Antibiotic resistance fight 'must include' poor nations
Efforts to combat resistance to antibiotics will fail unless developing countries are included in the battle, a conference heard last week.
Problems that beset poor countries, such as the cost of future antibiotics and their availability, must be tackled in any attempt to find long-term answers to resistance, delegates from 45 countries agreed at the meeting, held at Uppsala University, Sweden, (6–8 September) and organised by Action on Antibiotic Resistance (ReAct).
They also agreed that global cooperation is urgently needed to slow the spread of resistance by limiting the use of antibiotics — and also to monitor its growth, given that common infections might once again become fatal as bacteria become resistant to current treatments.
Andreas Heddini, executive director of ReAct and a medical doctor at the Karolinska Institute, Sweden, said there had been a "change of tone" at the meeting.
Drug industry representatives acknowledged for the first time that there was a need to tackle issues in developing countries, he said.
An important step could be restricting the use of the latest or broadest antibiotics in developing countries for conditions that have alternative treatments, said Heddini.
But, to do so, scientists need more community-wide data so they can understand the spread of resistance and, therefore, which drugs need to be prioritised or restricted in which places.
"So far, only hospital data is available from developing countries," Heddini said, which gives only a partial picture.
Eva Ombaka, former president of the not-for-profit Ecumenical Pharmaceutical Network (EPN), said that scientists in developing countries "can help provide a good indication of what is really happening on the ground" and that mapping the spread of antibiotic resistance around the world needs their input.
Delegates discussed the need for new models of private–public cooperation to work towards new classes of antibiotics that do not rely on investment by pharmaceutical companies in search of high-profit, branded drugs.
To this end, Heddini said a number of working groups have been set up that will meet over the next two years.
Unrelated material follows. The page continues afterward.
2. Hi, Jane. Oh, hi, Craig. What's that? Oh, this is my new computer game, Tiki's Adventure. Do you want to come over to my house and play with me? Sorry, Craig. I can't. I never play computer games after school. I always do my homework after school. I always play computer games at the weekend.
The efforts will emulate existing partnerships in malaria and tuberculosis drug innovation, including the Open Source Drug Discovery programme, which might cut research and development costs while still delivering new drugs.
Earlier this year the Transatlantic Task Force on Antimicrobial Resistance (TATFAR), set up by the European Union and the United States in November 2009, published its terms of reference on investigating antibiotic resistance issues.
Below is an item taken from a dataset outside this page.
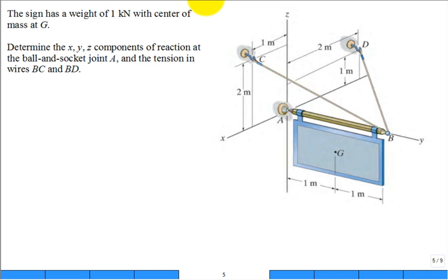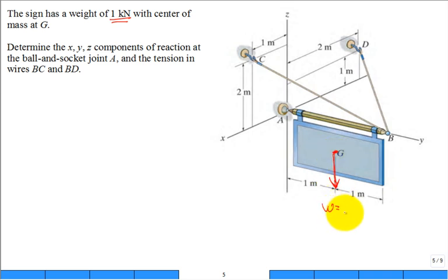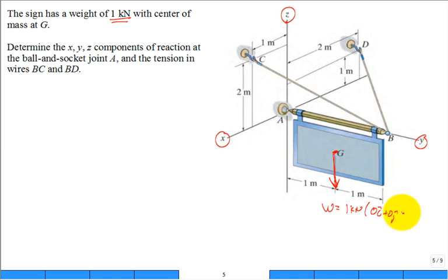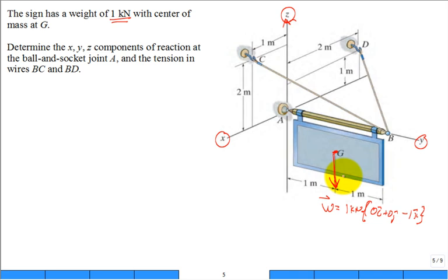Here we have a sign with a weight of one kilonewton with the center of mass at G. The weight is a force acting on the sign W, with a magnitude of one kilonewton. Looking at the X, Y, and Z axes, it's zero in I, zero in J, and negative one in K — straight down in the negative Z direction since positive Z goes up. That's the load on the sign due to its weight — its body force.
It was criticised by ReAct and others for not including developing countries in its remit.
But Stuart Levy, director of the Alliance for the Prudent Use of Antibiotics, told SciDev.Net: "That the United States and Europe have come to the table on this issue is an important first step. Finally, the urgency has been recognised, which might lead to more funding for seeking solutions.
"I don't want this to fail because of political issues."